**Entries supplied:**
━━━━━━━━━━

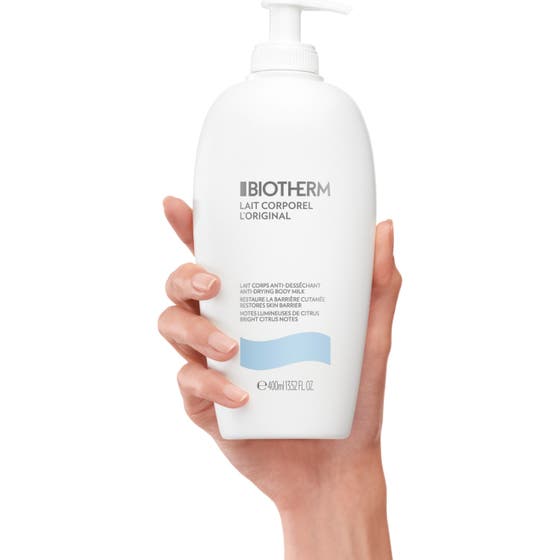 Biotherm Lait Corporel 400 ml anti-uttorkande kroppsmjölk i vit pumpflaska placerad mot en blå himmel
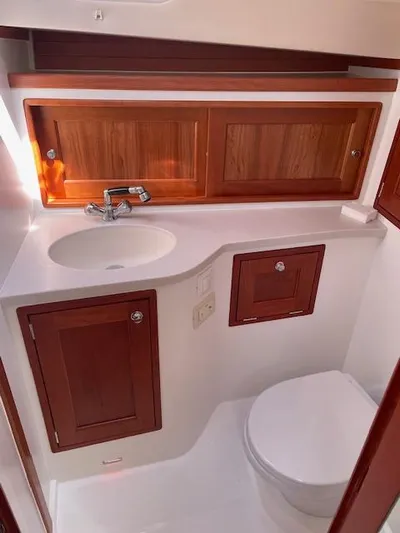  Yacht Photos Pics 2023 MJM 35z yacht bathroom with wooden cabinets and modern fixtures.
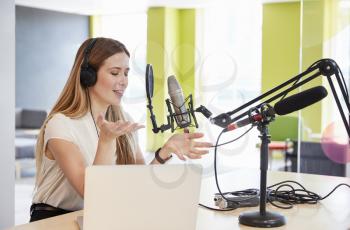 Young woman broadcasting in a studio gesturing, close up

━━━━━━━━━━

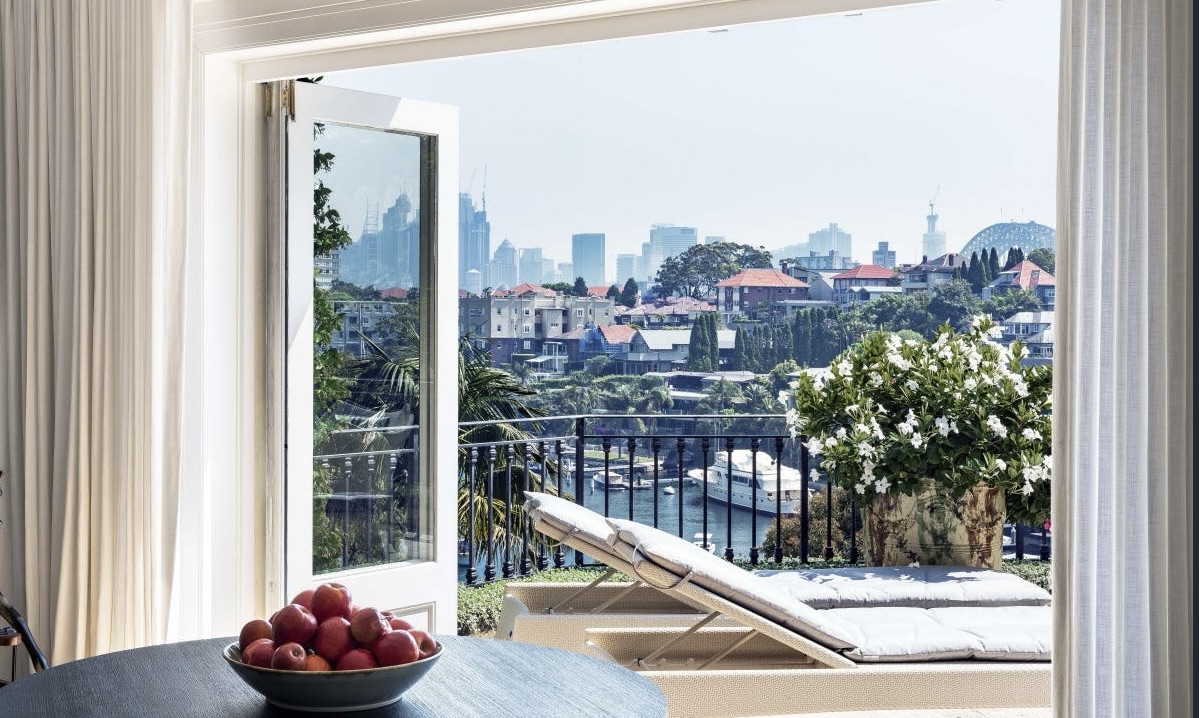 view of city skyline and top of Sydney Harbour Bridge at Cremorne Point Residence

━━━━━━━━━━

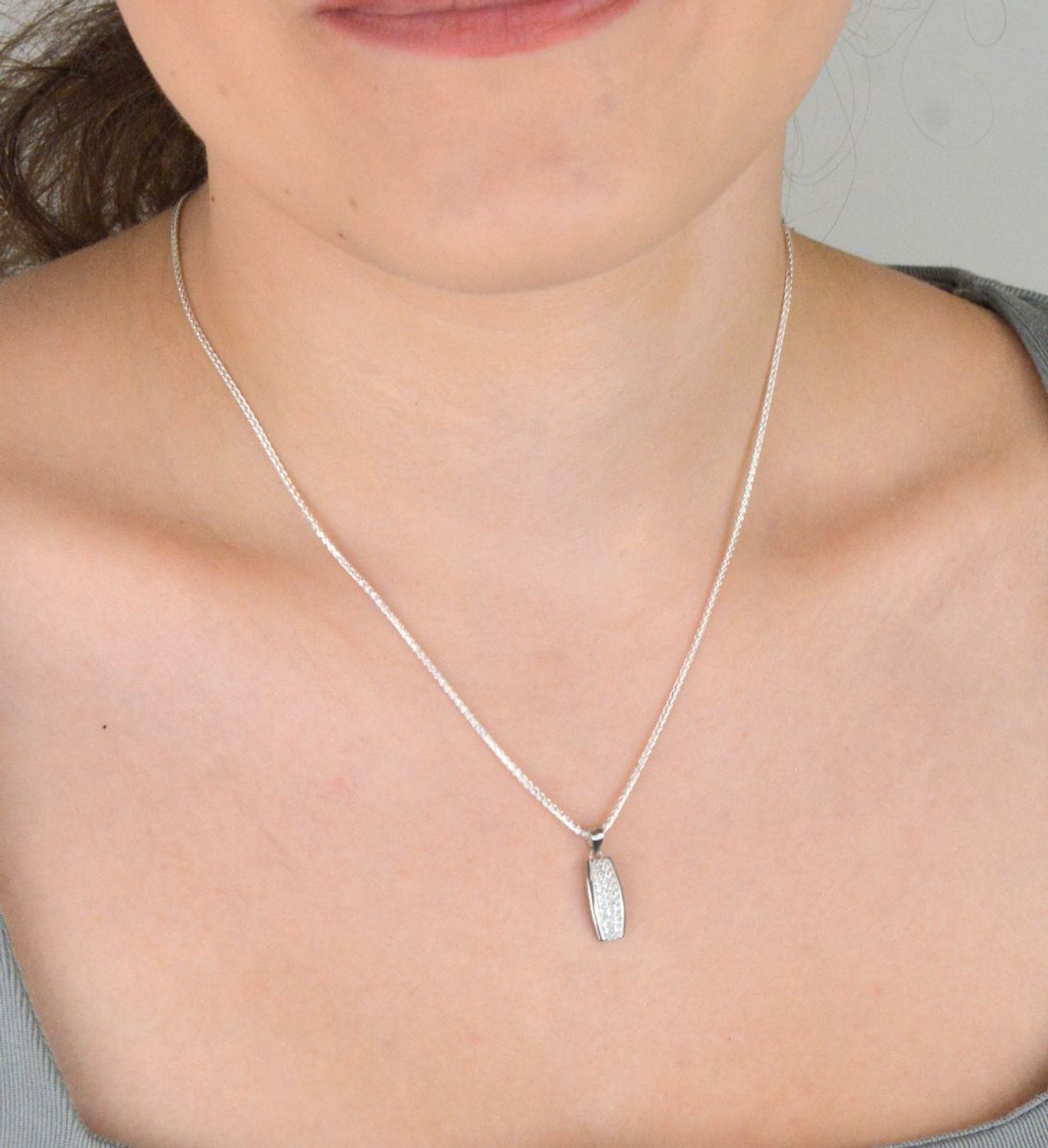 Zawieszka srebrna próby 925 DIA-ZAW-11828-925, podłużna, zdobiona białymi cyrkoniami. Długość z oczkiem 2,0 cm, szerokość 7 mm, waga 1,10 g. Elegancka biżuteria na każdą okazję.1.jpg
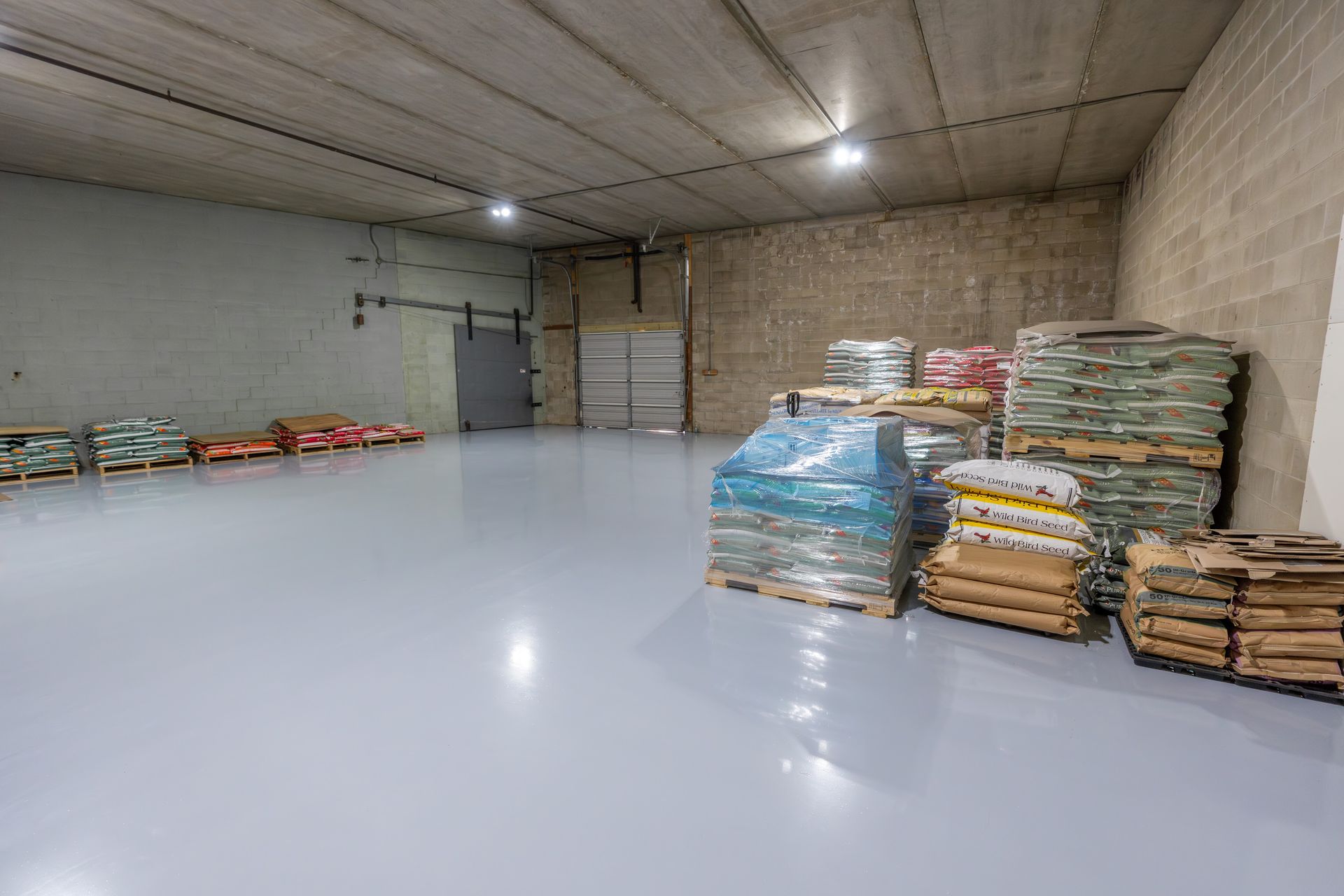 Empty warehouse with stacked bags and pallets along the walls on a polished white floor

━━━━━━━━━━

**What is required:** Starting at the line above with "Yacht Photos Pics", output every line exactly up to and including the line with "Young woman broadcasting", but none of the pictures.

**Response to the task:**
  Yacht Photos Pics 2023 MJM 35z yacht bathroom with wooden cabinets and modern fixtures.
 Young woman broadcasting in a studio gesturing, close up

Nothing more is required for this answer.